Dataset extract Block Start

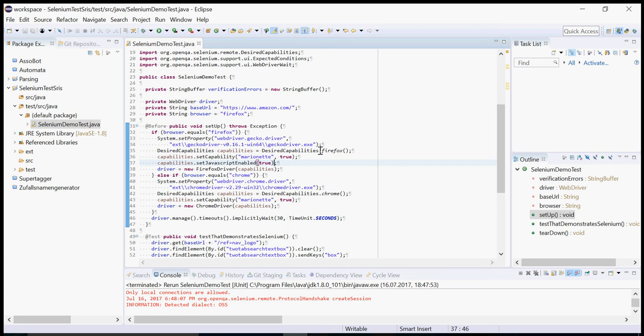Hello! In this video I show you how to run the tests in different variants. In this case I want to run the same set of tests once with Firefox and once with Chrome.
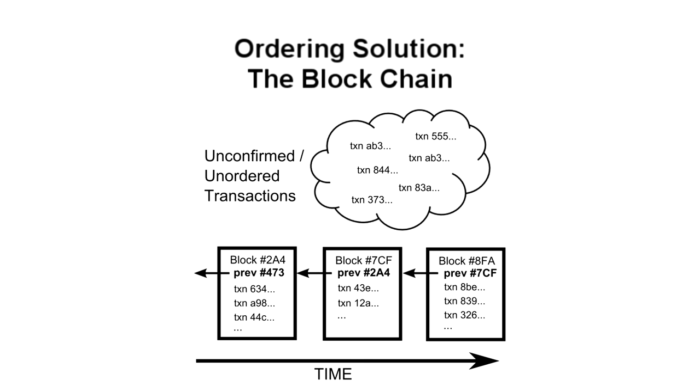Every four years, the block reward is cut in half, so eventually no more coins will be released. About 21 million in total will be created. Bear in mind that you can send down to one one hundred millionth of a bitcoin, so the total number available will likely not limit the currency's usability. Once the block reward cease, what incentive will miners have to process transactions? In addition to the block reward, miners also get any transaction fees that can optionally be included with transactions. Right now, miners will include transactions with no fees into blocks because their main incentive is the block reward. But in the future, transactions will likely be processed in order of the fees attached, and ones without fees will likely be ignored. So sending money in bitcoin will probably not be free, but will hopefully still be cheaper than current credit card fees.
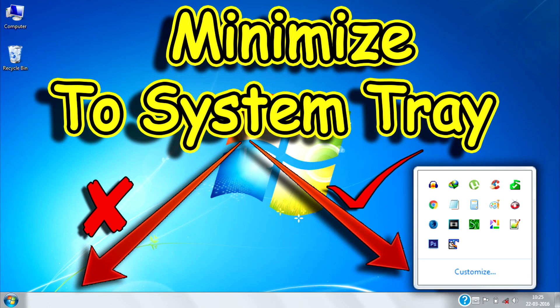Hello guys, welcome to Tech Plus where you can get the latest tech tips and tricks in minutes. Today I'm going to show you how to minimize any application to system tray instead of taskbar.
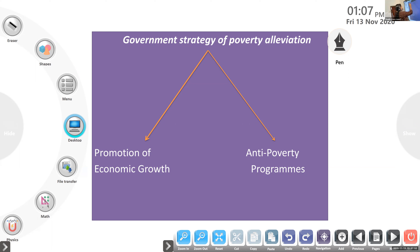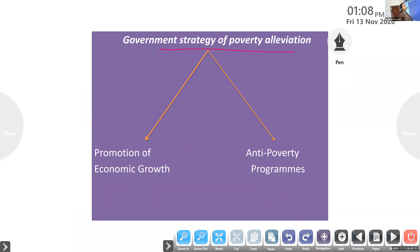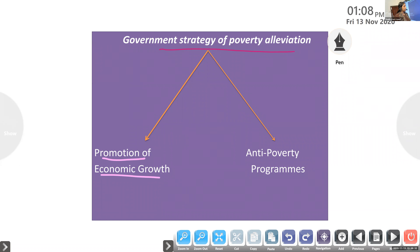The government strategies of poverty alleviation include two types of policies: one is promotion of economic growth, and the second is anti-poverty programs. First we are going to discuss promotion of economic growth.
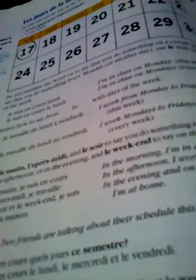Le matin, je suis en cours — in the morning, I'm in class. L'après-midi, je travaille — in the afternoon, I work. Le soir et le weekend, je suis à la maison — on the evenings and on the weekends, I'm at home.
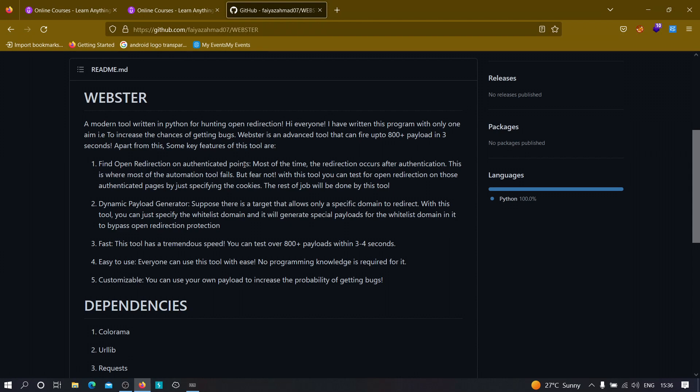The third and most important thing is that it is quite fast — it can traverse over 800 plus payloads within three to four seconds if your internet is good. The fourth feature is that it is easy to use. We'll see how to install it and how to use it, and we can easily add custom payloads to increase the probability of finding bugs.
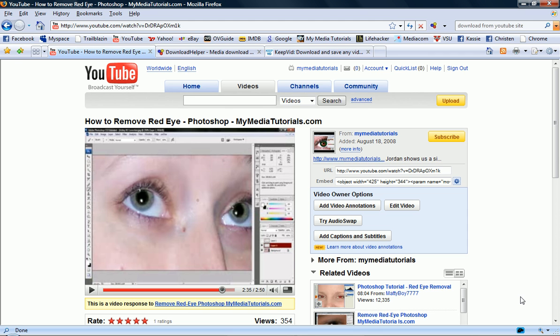This is Jordan with My Media Tutorials. I'm going to show you how to download videos from YouTube and a lot of other sites as well.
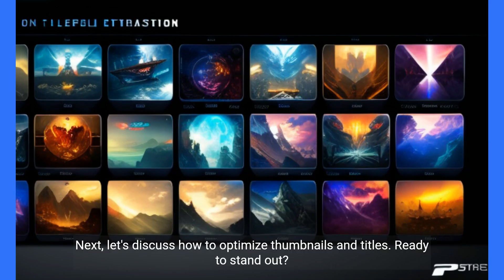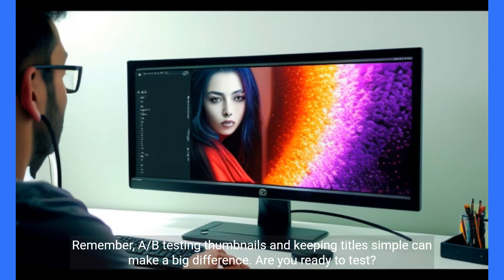Let's discuss how to optimize thumbnails and titles. Ready to stand out? A/B testing thumbnails and keeping titles simple can make a big difference. Are you ready to test?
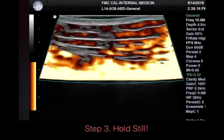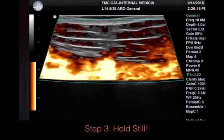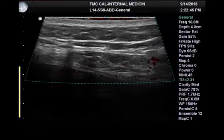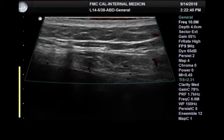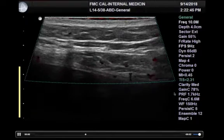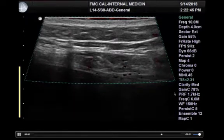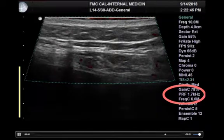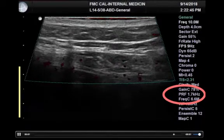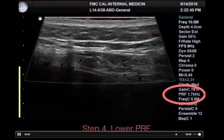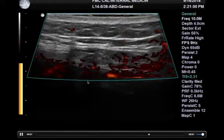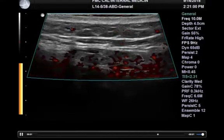Step three is to hold still. As I indicated, any movement is going to make the whole screen flash with artifacts. Once you hold still, there are a few more steps. It may look like there's no clear vasculature, but it could be that the pulse repetition frequency, or PRF, is set incorrectly. All you need to know is that high PRF detects high flow and low PRF detects low flow. Right now it's set at 1.7 kilohertz, so step four is to lower it — here I have PRF set at the lowest, which is 0.3 — and you can see that a lot more things are lighting up because of movement, which allows me to detect any potential vasculature.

Dataset extract Block End

Task description: Leave the pictures out and return the rest of the listing exactly.

Answer box:
Hello! In this video I show you how to run the tests in different variants. In this case I want to run the same set of tests once with Firefox and once with Chrome.
Every four years, the block reward is cut in half, so eventually no more coins will be released. About 21 million in total will be created. Bear in mind that you can send down to one one hundred millionth of a bitcoin, so the total number available will likely not limit the currency's usability. Once the block reward cease, what incentive will miners have to process transactions? In addition to the block reward, miners also get any transaction fees that can optionally be included with transactions. Right now, miners will include transactions with no fees into blocks because their main incentive is the block reward. But in the future, transactions will likely be processed in order of the fees attached, and ones without fees will likely be ignored. So sending money in bitcoin will probably not be free, but will hopefully still be cheaper than current credit card fees.
Hello guys, welcome to Tech Plus where you can get the latest tech tips and tricks in minutes. Today I'm going to show you how to minimize any application to system tray instead of taskbar.
The government strategies of poverty alleviation include two types of policies: one is promotion of economic growth, and the second is anti-poverty programs. First we are going to discuss promotion of economic growth.
Le matin, je suis en cours — in the morning, I'm in class. L'après-midi, je travaille — in the afternoon, I work. Le soir et le weekend, je suis à la maison — on the evenings and on the weekends, I'm at home.
The third and most important thing is that it is quite fast — it can traverse over 800 plus payloads within three to four seconds if your internet is good. The fourth feature is that it is easy to use. We'll see how to install it and how to use it, and we can easily add custom payloads to increase the probability of finding bugs.
This is Jordan with My Media Tutorials. I'm going to show you how to download videos from YouTube and a lot of other sites as well.
Let's discuss how to optimize thumbnails and titles. Ready to stand out? A/B testing thumbnails and keeping titles simple can make a big difference. Are you ready to test?
Step three is to hold still. As I indicated, any movement is going to make the whole screen flash with artifacts. Once you hold still, there are a few more steps. It may look like there's no clear vasculature, but it could be that the pulse repetition frequency, or PRF, is set incorrectly. All you need to know is that high PRF detects high flow and low PRF detects low flow. Right now it's set at 1.7 kilohertz, so step four is to lower it — here I have PRF set at the lowest, which is 0.3 — and you can see that a lot more things are lighting up because of movement, which allows me to detect any potential vasculature.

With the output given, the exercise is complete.